> Study material:
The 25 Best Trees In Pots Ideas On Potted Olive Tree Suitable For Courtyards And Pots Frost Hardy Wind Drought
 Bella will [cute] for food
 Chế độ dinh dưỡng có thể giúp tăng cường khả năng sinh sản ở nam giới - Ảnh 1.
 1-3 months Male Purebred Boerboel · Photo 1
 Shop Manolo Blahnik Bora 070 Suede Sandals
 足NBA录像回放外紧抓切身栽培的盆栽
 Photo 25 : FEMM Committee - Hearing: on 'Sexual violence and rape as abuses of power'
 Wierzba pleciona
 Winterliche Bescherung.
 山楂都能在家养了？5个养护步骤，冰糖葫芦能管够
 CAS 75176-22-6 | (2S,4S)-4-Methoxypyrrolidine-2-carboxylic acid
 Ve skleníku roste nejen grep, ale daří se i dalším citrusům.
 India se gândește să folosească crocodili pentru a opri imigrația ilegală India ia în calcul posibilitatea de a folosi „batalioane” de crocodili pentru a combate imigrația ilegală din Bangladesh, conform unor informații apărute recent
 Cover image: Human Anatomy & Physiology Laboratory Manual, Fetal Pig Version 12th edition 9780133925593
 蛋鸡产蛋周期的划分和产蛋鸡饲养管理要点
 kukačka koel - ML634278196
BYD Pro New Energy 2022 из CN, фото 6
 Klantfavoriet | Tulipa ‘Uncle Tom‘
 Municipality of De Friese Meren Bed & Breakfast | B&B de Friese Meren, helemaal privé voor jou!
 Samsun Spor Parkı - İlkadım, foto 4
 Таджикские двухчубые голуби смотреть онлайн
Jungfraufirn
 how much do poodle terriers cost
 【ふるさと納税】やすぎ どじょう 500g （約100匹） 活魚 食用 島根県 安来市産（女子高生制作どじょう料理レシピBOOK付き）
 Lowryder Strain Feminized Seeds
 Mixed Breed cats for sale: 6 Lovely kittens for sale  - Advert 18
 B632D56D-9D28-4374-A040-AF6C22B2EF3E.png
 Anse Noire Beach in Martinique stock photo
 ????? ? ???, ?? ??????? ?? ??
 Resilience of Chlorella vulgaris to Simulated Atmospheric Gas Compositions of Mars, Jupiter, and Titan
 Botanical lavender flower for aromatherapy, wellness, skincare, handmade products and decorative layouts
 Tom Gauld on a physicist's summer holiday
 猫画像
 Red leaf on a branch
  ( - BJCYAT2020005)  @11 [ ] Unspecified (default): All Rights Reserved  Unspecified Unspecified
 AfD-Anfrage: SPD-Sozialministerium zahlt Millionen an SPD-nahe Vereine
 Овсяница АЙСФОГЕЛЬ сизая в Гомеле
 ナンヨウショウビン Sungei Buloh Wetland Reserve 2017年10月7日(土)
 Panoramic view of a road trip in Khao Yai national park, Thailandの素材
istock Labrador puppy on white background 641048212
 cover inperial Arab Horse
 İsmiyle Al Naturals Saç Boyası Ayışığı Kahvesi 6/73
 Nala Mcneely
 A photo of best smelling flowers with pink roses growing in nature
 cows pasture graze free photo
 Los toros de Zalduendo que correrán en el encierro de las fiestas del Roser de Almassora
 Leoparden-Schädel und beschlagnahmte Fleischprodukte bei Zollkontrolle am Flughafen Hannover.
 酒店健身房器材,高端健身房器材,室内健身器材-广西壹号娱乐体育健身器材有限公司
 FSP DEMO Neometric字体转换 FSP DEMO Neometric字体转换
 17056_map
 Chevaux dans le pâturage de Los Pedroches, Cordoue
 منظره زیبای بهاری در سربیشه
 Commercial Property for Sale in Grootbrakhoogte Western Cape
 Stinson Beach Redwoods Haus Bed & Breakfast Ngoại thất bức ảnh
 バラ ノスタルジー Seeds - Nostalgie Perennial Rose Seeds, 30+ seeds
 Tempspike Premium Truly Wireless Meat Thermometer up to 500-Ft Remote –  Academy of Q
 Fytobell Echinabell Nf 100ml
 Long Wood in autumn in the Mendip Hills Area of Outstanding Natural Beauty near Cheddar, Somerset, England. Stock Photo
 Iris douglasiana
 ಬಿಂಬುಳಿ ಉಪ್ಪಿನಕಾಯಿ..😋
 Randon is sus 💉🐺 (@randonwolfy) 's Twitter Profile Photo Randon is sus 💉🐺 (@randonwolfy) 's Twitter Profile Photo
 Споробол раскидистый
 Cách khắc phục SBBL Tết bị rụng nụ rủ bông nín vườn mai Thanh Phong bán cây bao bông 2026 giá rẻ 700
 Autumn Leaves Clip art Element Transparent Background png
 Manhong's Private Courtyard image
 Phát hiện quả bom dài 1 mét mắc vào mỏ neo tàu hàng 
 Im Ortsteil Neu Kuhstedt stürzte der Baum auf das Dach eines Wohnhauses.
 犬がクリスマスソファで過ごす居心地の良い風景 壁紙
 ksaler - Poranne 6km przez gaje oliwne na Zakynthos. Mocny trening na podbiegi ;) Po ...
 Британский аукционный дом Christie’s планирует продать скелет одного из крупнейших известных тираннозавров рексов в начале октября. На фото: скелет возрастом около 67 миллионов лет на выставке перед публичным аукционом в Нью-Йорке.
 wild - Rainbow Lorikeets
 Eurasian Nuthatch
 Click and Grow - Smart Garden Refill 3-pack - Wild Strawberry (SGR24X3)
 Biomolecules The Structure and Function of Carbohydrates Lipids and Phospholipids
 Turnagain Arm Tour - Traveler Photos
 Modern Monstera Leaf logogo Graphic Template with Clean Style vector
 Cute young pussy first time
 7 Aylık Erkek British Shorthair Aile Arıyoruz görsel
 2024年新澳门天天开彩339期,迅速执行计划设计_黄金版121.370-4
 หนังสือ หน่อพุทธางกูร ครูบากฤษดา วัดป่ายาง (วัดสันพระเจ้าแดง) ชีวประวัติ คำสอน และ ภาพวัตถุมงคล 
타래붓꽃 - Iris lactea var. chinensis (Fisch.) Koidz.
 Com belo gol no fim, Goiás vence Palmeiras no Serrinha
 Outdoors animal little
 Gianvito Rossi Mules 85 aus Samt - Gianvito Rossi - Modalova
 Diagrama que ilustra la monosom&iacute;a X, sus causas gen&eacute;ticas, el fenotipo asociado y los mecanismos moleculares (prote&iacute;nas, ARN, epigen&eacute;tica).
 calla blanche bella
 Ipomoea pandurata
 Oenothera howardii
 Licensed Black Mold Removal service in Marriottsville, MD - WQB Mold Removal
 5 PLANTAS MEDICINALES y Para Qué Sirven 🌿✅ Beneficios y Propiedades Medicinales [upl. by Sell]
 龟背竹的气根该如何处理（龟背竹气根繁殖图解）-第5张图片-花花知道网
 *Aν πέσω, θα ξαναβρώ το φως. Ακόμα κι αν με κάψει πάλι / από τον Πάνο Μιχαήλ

> What to work on: Write out every line from the data above that includes "Seeds".

> Task output:
 Lowryder Strain Feminized Seeds
 バラ ノスタルジー Seeds - Nostalgie Perennial Rose Seeds, 30+ seeds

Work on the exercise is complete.